* **Exercise requirements**: Return the full set of entries below exactly, leaving every image out.

Pictures with short captions
★ ★ ★
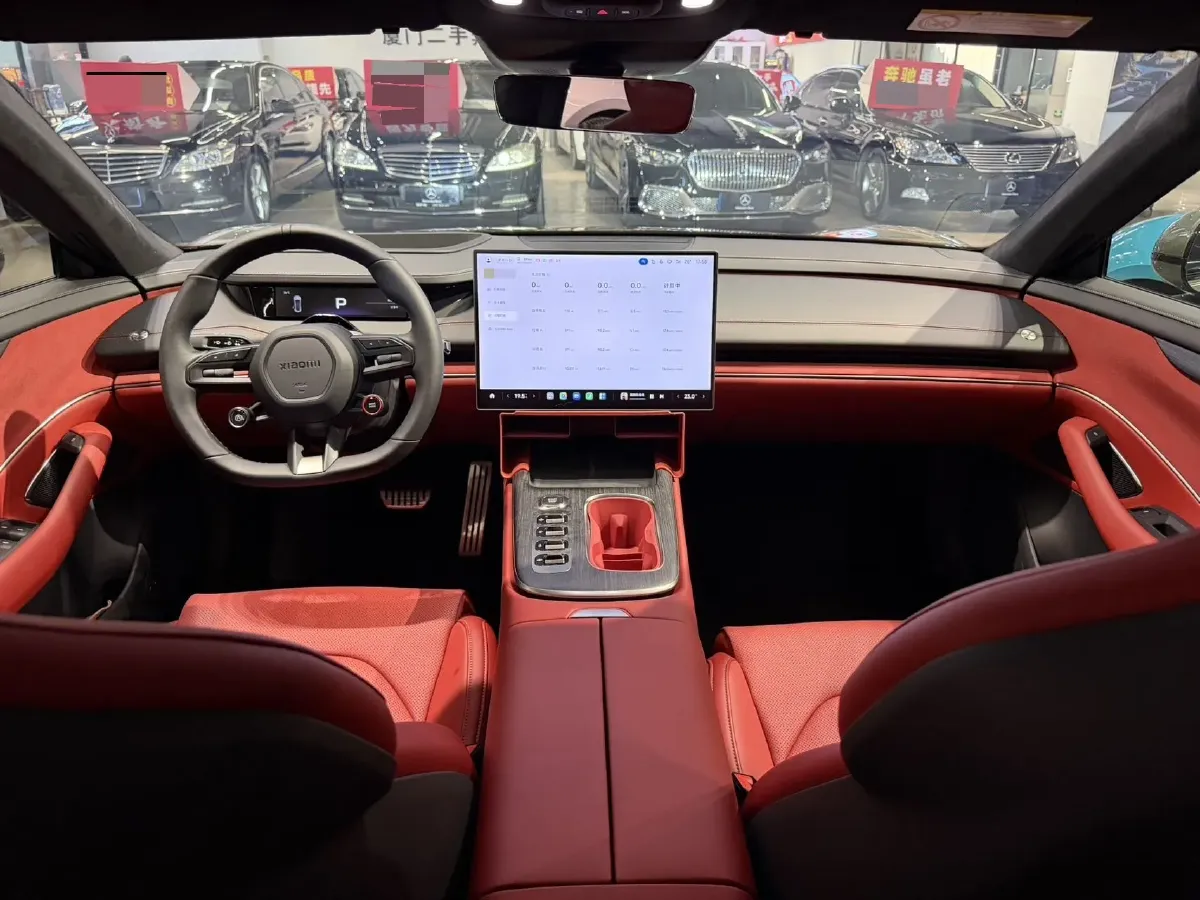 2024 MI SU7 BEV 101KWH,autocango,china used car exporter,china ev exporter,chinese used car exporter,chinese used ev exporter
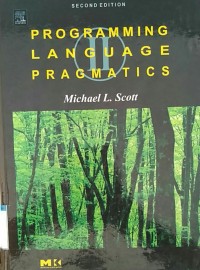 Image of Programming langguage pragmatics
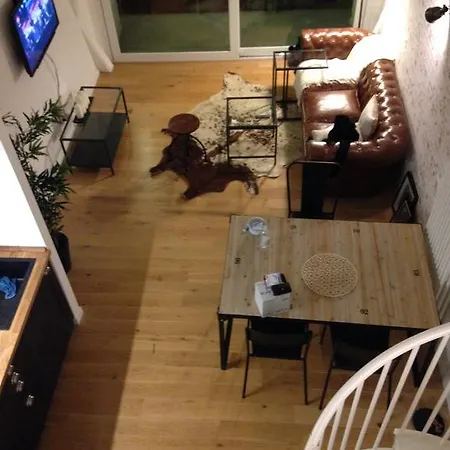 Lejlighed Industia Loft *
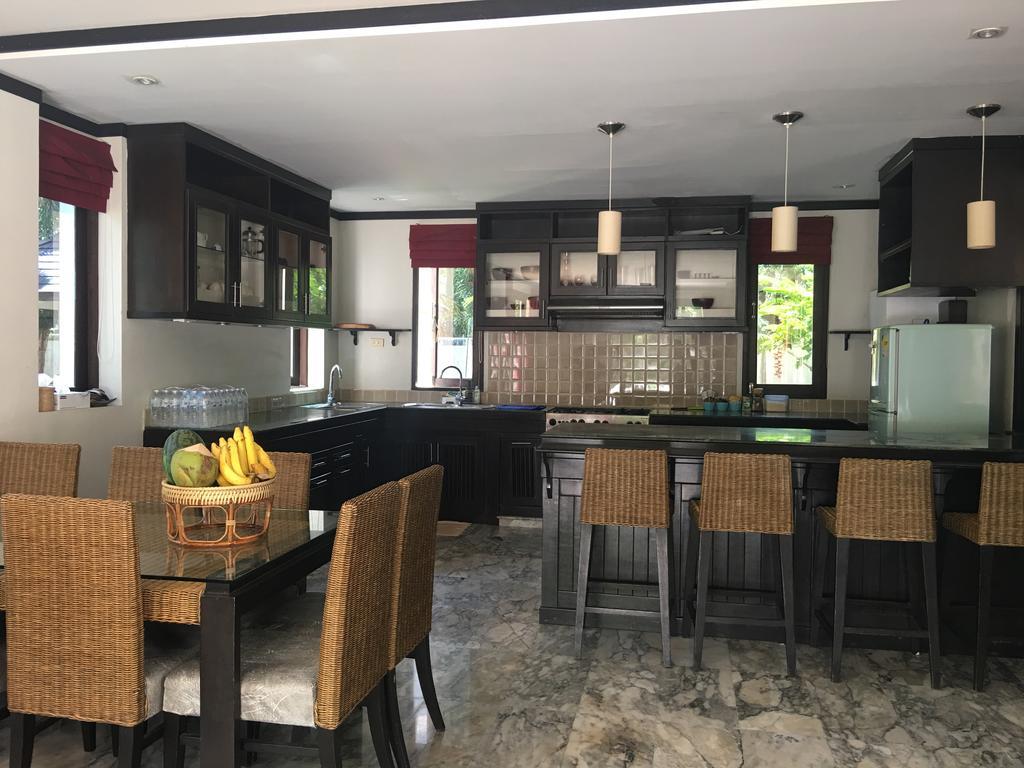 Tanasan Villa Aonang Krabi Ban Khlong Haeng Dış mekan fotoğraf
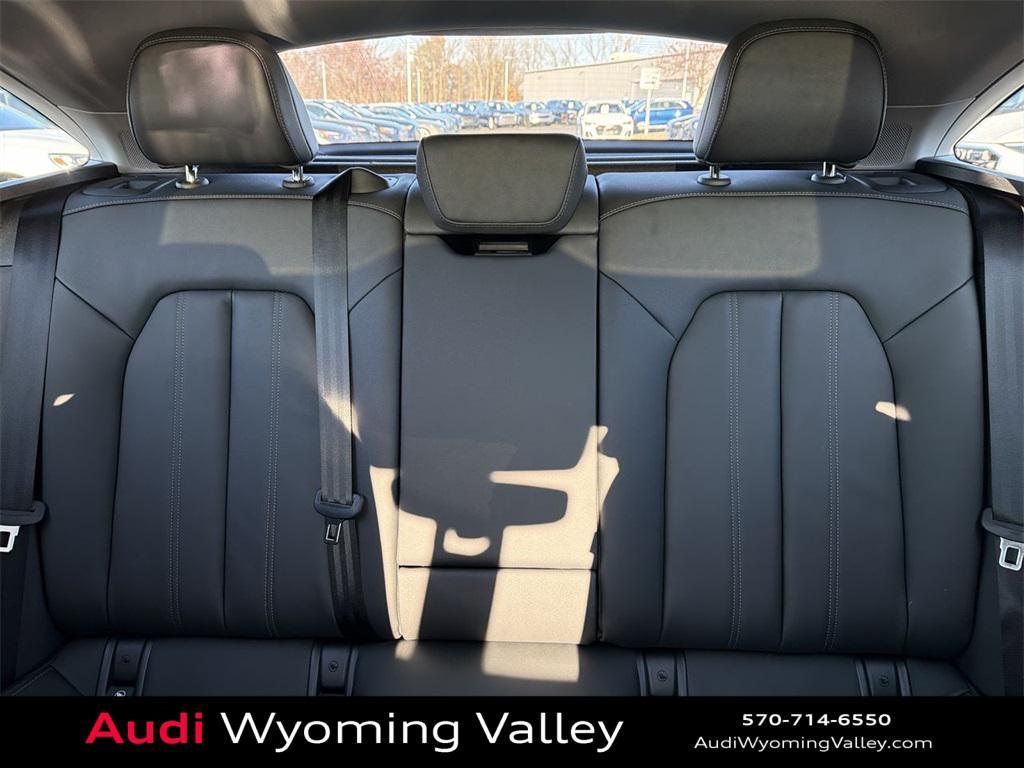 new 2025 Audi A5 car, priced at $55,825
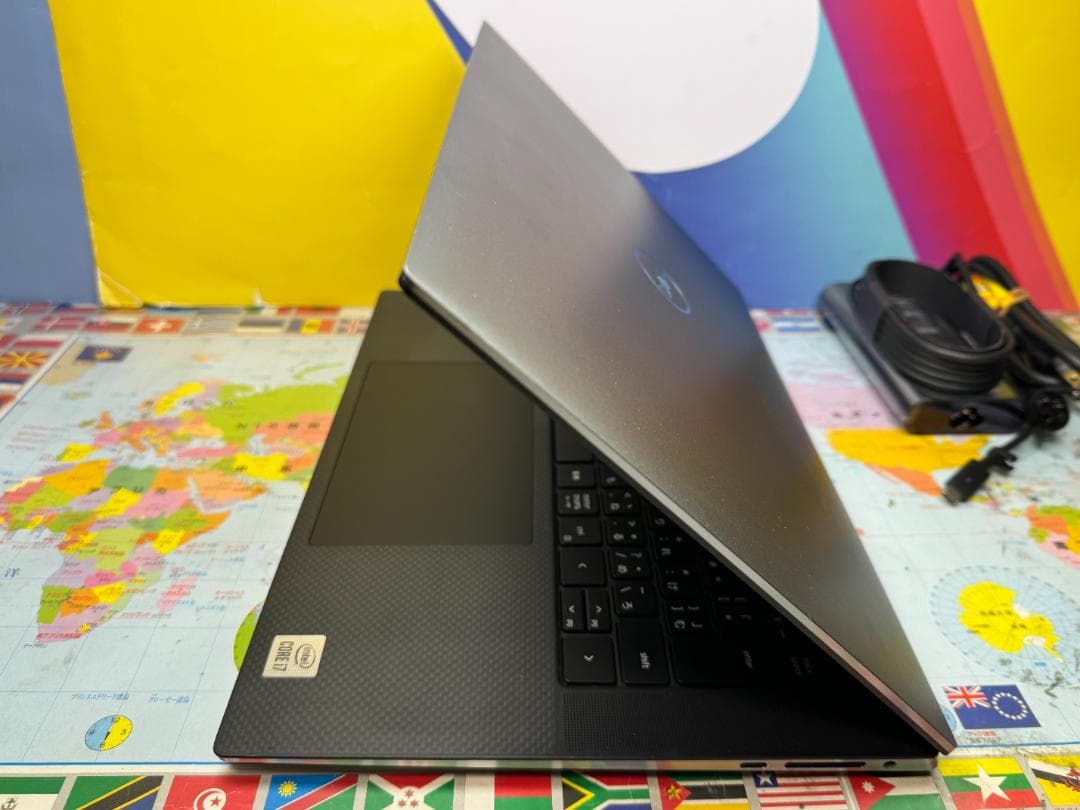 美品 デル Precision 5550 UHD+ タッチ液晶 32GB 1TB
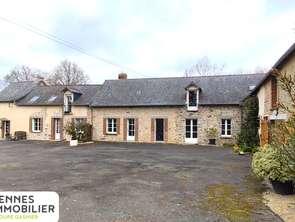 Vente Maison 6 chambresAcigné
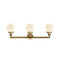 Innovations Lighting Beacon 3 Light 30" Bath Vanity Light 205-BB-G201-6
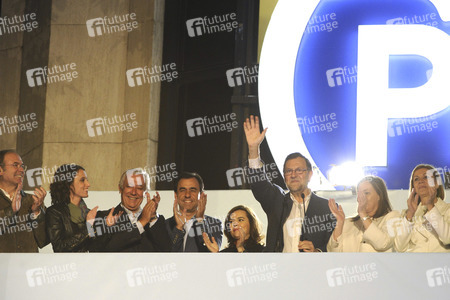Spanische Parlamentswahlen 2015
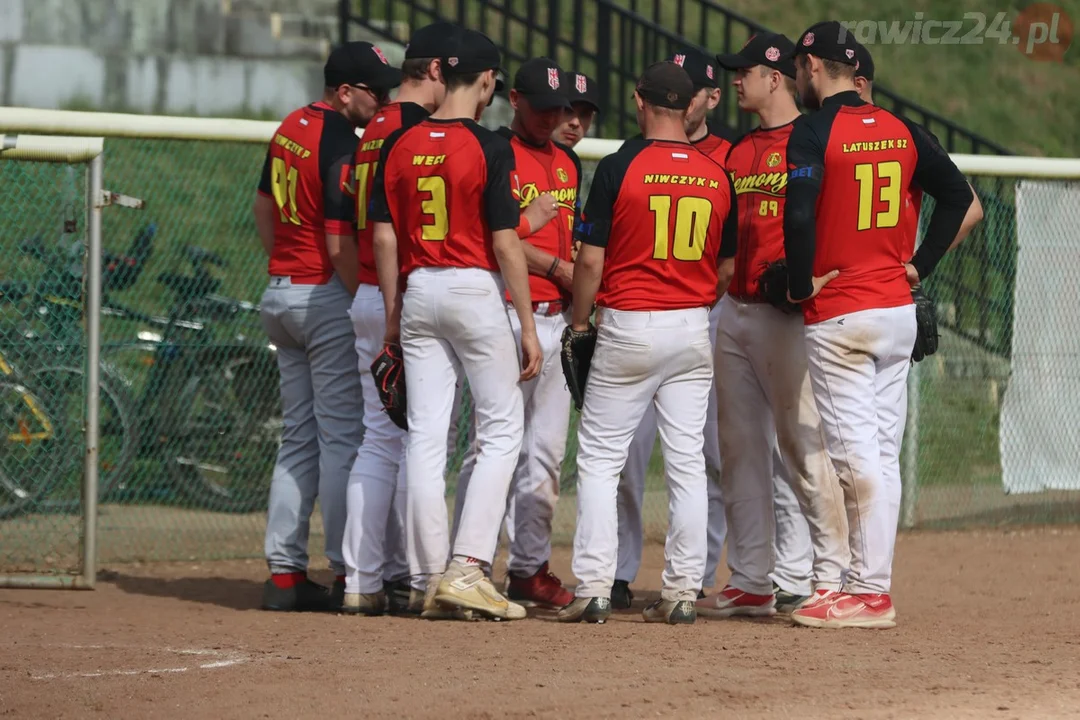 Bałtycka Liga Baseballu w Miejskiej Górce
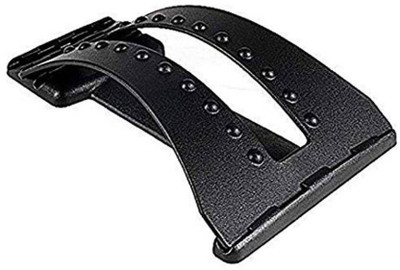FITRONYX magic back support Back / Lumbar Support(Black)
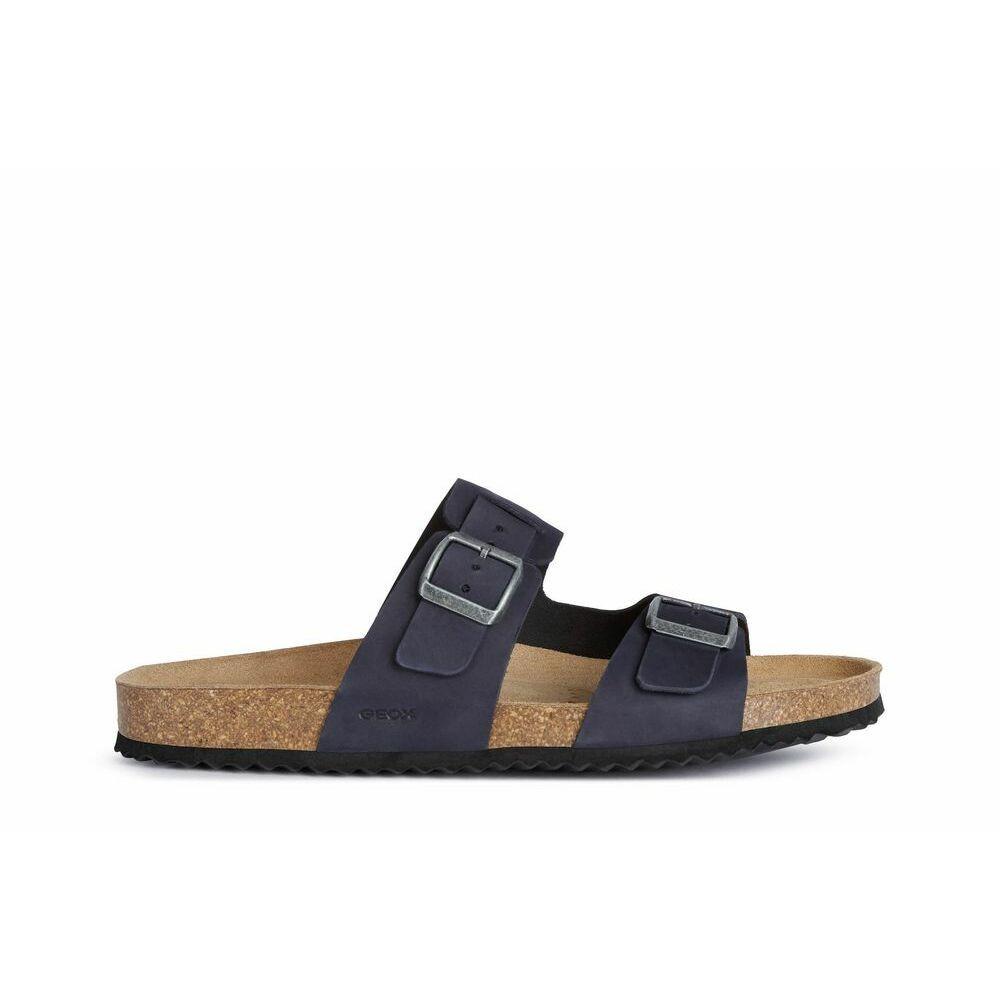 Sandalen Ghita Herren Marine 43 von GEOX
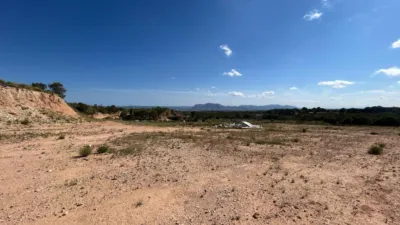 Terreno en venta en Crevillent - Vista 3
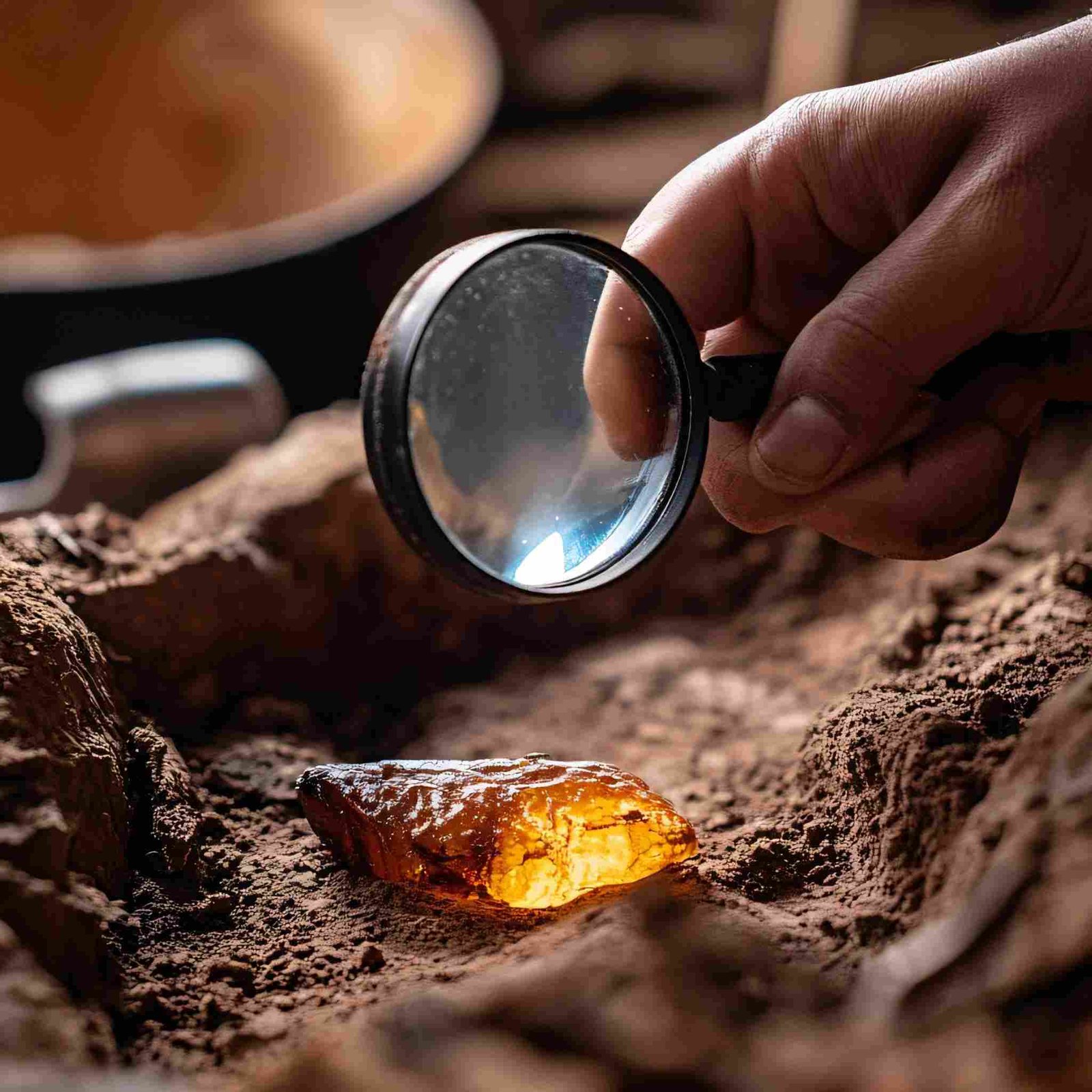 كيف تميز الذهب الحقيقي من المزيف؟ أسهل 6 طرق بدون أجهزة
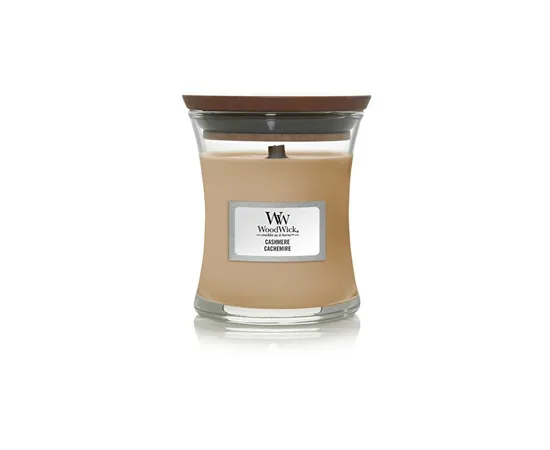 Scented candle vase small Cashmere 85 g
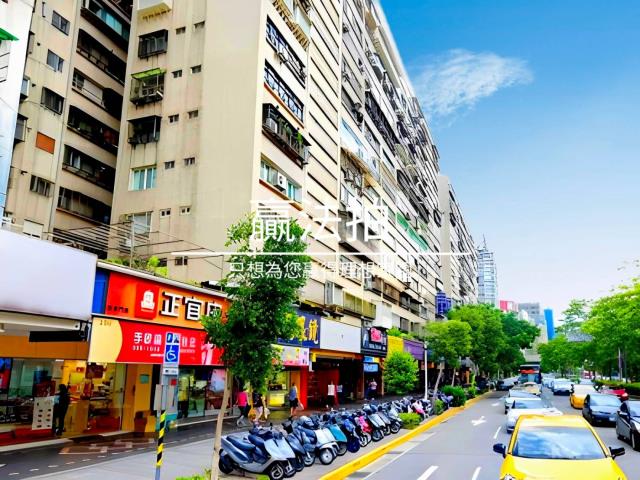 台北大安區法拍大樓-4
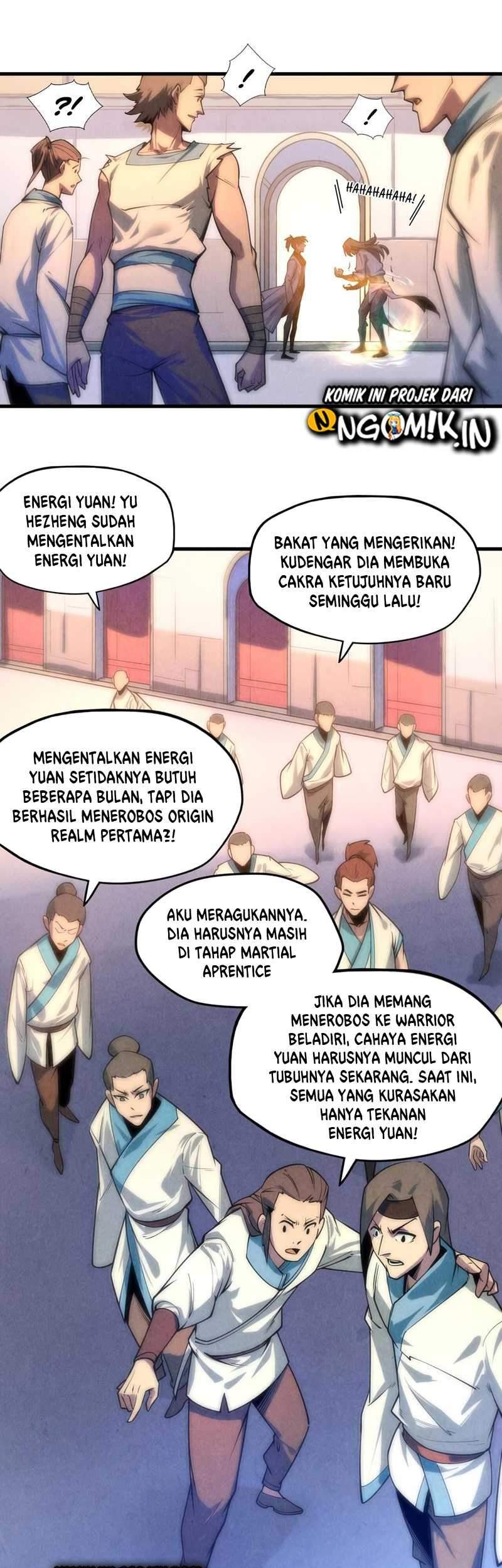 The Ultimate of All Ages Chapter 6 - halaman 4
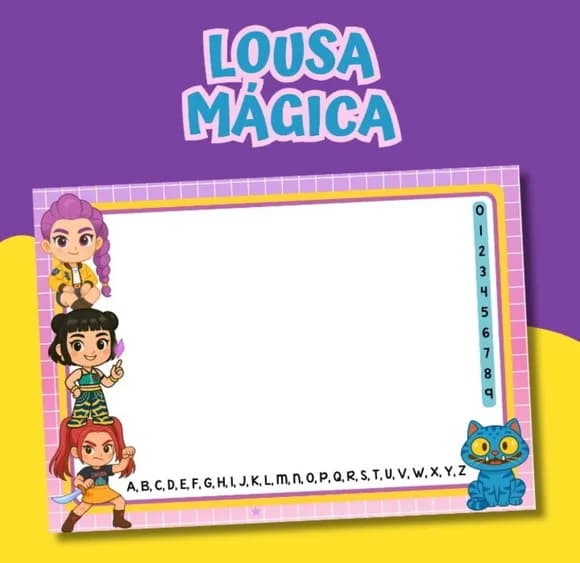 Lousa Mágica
★ ★ ★
* **Response box**:
 2024 MI SU7 BEV 101KWH,autocango,china used car exporter,china ev exporter,chinese used car exporter,chinese used ev exporter
 Image of Programming langguage pragmatics
 Lejlighed Industia Loft *
 Tanasan Villa Aonang Krabi Ban Khlong Haeng Dış mekan fotoğraf
 new 2025 Audi A5 car, priced at $55,825
 美品 デル Precision 5550 UHD+ タッチ液晶 32GB 1TB
 Vente Maison 6 chambresAcigné
 Innovations Lighting Beacon 3 Light 30" Bath Vanity Light 205-BB-G201-6
Spanische Parlamentswahlen 2015
 Bałtycka Liga Baseballu w Miejskiej Górce
FITRONYX magic back support Back / Lumbar Support(Black)
 Sandalen Ghita Herren Marine 43 von GEOX
 Terreno en venta en Crevillent - Vista 3
 كيف تميز الذهب الحقيقي من المزيف؟ أسهل 6 طرق بدون أجهزة
 Scented candle vase small Cashmere 85 g
 台北大安區法拍大樓-4
 The Ultimate of All Ages Chapter 6 - halaman 4
 Lousa Mágica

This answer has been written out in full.